● **WHAT IS BEING ASKED**
Only the lines holding "Pack" are wanted. Copy every one from the records below.

● **INPUT FOR THIS TASK**
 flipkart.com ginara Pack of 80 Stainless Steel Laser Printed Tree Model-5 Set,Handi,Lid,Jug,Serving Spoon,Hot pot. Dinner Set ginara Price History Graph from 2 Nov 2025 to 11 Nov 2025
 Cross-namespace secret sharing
* * *
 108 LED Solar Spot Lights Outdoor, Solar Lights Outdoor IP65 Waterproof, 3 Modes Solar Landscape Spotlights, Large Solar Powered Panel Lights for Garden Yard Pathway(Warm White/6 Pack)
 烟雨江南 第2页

● **SOLUTION TO THE EXERCISE**
 flipkart.com ginara Pack of 80 Stainless Steel Laser Printed Tree Model-5 Set,Handi,Lid,Jug,Serving Spoon,Hot pot. Dinner Set ginara Price History Graph from 2 Nov 2025 to 11 Nov 2025
 108 LED Solar Spot Lights Outdoor, Solar Lights Outdoor IP65 Waterproof, 3 Modes Solar Landscape Spotlights, Large Solar Powered Panel Lights for Garden Yard Pathway(Warm White/6 Pack)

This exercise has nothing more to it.